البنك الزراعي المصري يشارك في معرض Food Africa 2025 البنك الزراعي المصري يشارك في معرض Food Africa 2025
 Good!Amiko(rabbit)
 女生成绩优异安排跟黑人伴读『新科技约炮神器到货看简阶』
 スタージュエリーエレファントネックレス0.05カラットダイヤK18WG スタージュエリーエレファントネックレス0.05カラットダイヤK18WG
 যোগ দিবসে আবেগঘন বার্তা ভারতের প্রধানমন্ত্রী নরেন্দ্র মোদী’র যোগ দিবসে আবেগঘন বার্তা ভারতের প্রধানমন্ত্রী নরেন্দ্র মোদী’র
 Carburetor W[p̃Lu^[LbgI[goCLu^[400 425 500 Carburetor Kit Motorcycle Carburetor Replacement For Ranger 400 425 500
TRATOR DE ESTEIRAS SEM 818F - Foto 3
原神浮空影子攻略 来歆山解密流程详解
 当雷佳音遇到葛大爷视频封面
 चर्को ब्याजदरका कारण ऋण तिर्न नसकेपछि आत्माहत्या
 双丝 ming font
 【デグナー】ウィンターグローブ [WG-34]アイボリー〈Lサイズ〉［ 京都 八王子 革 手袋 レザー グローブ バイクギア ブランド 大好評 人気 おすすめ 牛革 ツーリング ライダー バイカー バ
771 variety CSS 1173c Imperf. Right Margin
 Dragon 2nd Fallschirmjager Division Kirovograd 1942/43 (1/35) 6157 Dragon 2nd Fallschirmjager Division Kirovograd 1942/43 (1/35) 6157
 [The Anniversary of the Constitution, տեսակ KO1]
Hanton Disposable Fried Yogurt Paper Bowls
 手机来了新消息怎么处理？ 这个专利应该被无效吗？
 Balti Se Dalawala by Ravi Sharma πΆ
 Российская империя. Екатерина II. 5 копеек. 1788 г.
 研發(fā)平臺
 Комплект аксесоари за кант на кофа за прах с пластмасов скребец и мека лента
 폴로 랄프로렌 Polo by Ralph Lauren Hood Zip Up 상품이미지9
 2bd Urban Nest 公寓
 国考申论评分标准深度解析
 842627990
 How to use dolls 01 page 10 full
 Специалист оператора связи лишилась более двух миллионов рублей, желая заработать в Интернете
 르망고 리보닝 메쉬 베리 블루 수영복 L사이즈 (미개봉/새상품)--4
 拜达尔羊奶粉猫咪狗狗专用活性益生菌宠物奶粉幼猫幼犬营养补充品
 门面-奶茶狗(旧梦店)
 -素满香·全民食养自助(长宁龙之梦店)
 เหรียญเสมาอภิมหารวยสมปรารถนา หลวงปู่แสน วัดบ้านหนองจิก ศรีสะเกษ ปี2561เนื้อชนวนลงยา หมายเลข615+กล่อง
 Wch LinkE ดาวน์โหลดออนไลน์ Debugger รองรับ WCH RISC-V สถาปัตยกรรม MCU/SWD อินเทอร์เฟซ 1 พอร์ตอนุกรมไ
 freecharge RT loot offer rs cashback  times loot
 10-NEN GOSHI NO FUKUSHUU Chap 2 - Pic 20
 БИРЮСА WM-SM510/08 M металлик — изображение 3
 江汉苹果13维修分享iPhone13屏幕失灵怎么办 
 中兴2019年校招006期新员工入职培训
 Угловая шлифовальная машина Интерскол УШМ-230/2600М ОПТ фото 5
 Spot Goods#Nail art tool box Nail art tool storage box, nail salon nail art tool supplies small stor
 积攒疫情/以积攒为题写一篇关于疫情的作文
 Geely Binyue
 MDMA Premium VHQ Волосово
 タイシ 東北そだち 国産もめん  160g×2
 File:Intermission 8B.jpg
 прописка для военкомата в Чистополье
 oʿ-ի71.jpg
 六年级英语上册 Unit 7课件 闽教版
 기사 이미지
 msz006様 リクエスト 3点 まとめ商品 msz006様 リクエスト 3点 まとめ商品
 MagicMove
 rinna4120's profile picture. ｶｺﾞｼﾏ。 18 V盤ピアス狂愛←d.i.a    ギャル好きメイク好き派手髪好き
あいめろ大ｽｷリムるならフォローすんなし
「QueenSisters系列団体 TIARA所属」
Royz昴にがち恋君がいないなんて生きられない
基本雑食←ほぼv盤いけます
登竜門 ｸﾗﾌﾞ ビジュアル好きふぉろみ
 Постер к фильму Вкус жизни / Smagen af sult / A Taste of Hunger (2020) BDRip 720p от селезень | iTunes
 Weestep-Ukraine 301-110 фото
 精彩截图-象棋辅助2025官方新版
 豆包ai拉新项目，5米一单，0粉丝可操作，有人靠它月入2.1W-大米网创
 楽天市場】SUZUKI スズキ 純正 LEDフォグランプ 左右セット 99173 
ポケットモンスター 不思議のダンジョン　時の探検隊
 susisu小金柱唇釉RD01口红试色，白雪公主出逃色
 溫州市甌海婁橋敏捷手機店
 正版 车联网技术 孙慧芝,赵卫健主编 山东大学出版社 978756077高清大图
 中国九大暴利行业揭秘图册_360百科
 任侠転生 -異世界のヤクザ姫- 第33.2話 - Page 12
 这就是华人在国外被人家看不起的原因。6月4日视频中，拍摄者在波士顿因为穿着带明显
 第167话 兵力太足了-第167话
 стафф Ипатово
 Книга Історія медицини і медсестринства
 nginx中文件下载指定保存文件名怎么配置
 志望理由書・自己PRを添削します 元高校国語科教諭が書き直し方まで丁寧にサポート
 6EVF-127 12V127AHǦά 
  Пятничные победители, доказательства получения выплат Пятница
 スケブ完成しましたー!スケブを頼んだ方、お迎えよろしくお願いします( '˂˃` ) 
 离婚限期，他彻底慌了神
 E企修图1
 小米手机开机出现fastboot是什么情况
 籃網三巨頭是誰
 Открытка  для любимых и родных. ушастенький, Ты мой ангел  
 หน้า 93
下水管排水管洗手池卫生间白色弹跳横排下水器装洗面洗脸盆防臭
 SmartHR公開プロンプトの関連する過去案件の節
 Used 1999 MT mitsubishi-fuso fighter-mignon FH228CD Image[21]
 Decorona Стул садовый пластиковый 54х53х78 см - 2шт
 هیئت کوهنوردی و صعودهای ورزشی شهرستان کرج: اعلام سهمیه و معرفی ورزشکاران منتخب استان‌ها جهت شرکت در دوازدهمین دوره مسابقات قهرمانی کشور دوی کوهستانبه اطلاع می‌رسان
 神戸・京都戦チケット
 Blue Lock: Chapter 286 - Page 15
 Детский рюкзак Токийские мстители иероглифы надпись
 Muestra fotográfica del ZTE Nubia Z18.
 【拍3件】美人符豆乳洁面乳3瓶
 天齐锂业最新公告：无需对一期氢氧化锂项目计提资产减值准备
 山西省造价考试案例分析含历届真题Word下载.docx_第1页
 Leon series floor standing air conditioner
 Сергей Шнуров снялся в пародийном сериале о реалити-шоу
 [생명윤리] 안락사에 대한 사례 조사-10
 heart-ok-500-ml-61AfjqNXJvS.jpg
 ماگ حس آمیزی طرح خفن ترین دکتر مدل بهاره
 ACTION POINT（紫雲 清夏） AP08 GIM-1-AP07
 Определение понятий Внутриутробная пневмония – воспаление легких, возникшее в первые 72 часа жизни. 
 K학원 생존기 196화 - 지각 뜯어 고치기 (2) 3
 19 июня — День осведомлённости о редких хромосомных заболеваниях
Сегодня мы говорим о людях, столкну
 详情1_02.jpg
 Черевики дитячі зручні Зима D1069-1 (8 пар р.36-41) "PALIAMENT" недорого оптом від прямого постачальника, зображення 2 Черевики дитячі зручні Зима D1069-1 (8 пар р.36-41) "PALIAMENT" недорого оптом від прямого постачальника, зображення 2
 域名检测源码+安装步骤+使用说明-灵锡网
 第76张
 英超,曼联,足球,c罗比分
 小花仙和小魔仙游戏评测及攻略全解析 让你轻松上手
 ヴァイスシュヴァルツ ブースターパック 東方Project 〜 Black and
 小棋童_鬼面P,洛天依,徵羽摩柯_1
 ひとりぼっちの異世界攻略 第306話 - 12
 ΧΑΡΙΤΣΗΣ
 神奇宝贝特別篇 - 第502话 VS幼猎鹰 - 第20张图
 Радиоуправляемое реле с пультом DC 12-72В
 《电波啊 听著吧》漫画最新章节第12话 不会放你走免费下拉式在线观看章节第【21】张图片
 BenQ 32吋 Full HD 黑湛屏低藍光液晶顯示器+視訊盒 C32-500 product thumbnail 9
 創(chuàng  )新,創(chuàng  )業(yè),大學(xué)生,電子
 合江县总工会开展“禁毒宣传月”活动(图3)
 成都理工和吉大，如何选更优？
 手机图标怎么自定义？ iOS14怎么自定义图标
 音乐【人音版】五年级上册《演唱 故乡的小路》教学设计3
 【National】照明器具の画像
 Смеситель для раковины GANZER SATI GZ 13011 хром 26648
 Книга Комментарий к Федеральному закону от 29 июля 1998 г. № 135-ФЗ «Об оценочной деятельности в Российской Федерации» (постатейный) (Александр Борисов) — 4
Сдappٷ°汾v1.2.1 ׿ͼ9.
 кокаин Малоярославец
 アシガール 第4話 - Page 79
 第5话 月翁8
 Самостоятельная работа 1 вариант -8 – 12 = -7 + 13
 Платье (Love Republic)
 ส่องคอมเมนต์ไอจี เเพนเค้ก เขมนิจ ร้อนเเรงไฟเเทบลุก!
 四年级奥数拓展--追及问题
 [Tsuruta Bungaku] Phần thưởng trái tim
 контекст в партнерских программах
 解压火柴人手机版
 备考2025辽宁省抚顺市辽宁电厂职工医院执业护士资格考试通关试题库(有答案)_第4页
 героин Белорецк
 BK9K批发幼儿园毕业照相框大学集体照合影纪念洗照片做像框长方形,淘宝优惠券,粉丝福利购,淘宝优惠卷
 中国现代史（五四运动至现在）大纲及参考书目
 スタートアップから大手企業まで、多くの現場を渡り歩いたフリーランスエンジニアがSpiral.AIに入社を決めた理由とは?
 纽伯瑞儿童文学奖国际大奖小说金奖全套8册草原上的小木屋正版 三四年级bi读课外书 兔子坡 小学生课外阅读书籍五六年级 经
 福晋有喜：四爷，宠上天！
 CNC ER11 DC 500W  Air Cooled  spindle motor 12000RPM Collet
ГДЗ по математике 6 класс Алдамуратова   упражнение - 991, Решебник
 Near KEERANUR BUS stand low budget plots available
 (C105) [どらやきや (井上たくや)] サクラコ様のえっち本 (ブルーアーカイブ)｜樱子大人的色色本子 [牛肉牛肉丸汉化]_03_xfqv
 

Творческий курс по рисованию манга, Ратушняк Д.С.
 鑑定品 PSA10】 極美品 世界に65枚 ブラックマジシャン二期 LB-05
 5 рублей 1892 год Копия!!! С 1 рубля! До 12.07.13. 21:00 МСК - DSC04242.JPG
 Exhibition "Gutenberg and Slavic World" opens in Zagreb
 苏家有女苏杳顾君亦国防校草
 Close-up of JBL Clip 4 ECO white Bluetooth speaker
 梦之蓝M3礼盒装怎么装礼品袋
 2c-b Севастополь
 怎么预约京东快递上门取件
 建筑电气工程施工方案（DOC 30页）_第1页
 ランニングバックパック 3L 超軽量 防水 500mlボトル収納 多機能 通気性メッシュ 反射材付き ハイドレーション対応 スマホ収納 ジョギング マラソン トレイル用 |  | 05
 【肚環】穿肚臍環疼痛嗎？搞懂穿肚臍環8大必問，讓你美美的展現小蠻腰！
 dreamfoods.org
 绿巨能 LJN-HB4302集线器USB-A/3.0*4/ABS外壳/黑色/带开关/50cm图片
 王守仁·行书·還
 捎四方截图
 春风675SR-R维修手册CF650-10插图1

_ _ _ _

| Task |
Look through the data above and return exactly the lines from the one that contains "зображення 2 Черевики" to the one that contains "鑑定品 PSA10】 極美品 世界に65枚 ブラックマジシャン二期 LB-05", inclusive, with nothing else.

| Answer to the problem |
 Черевики дитячі зручні Зима D1069-1 (8 пар р.36-41) "PALIAMENT" недорого оптом від прямого постачальника, зображення 2 Черевики дитячі зручні Зима D1069-1 (8 пар р.36-41) "PALIAMENT" недорого оптом від прямого постачальника, зображення 2
 域名检测源码+安装步骤+使用说明-灵锡网
 第76张
 英超,曼联,足球,c罗比分
 小花仙和小魔仙游戏评测及攻略全解析 让你轻松上手
 ヴァイスシュヴァルツ ブースターパック 東方Project 〜 Black and
 小棋童_鬼面P,洛天依,徵羽摩柯_1
 ひとりぼっちの異世界攻略 第306話 - 12
 ΧΑΡΙΤΣΗΣ
 神奇宝贝特別篇 - 第502话 VS幼猎鹰 - 第20张图
 Радиоуправляемое реле с пультом DC 12-72В
 《电波啊 听著吧》漫画最新章节第12话 不会放你走免费下拉式在线观看章节第【21】张图片
 BenQ 32吋 Full HD 黑湛屏低藍光液晶顯示器+視訊盒 C32-500 product thumbnail 9
 創(chuàng  )新,創(chuàng  )業(yè),大學(xué)生,電子
 合江县总工会开展“禁毒宣传月”活动(图3)
 成都理工和吉大，如何选更优？
 手机图标怎么自定义？ iOS14怎么自定义图标
 音乐【人音版】五年级上册《演唱 故乡的小路》教学设计3
 【National】照明器具の画像
 Смеситель для раковины GANZER SATI GZ 13011 хром 26648
 Книга Комментарий к Федеральному закону от 29 июля 1998 г. № 135-ФЗ «Об оценочной деятельности в Российской Федерации» (постатейный) (Александр Борисов) — 4
Сдappٷ°汾v1.2.1 ׿ͼ9.
 кокаин Малоярославец
 アシガール 第4話 - Page 79
 第5话 月翁8
 Самостоятельная работа 1 вариант -8 – 12 = -7 + 13
 Платье (Love Republic)
 ส่องคอมเมนต์ไอจี เเพนเค้ก เขมนิจ ร้อนเเรงไฟเเทบลุก!
 四年级奥数拓展--追及问题
 [Tsuruta Bungaku] Phần thưởng trái tim
 контекст в партнерских программах
 解压火柴人手机版
 备考2025辽宁省抚顺市辽宁电厂职工医院执业护士资格考试通关试题库(有答案)_第4页
 героин Белорецк
 BK9K批发幼儿园毕业照相框大学集体照合影纪念洗照片做像框长方形,淘宝优惠券,粉丝福利购,淘宝优惠卷
 中国现代史（五四运动至现在）大纲及参考书目
 スタートアップから大手企業まで、多くの現場を渡り歩いたフリーランスエンジニアがSpiral.AIに入社を決めた理由とは?
 纽伯瑞儿童文学奖国际大奖小说金奖全套8册草原上的小木屋正版 三四年级bi读课外书 兔子坡 小学生课外阅读书籍五六年级 经
 福晋有喜：四爷，宠上天！
 CNC ER11 DC 500W  Air Cooled  spindle motor 12000RPM Collet
ГДЗ по математике 6 класс Алдамуратова   упражнение - 991, Решебник
 Near KEERANUR BUS stand low budget plots available
 (C105) [どらやきや (井上たくや)] サクラコ様のえっち本 (ブルーアーカイブ)｜樱子大人的色色本子 [牛肉牛肉丸汉化]_03_xfqv
 

Творческий курс по рисованию манга, Ратушняк Д.С.
 鑑定品 PSA10】 極美品 世界に65枚 ブラックマジシャン二期 LB-05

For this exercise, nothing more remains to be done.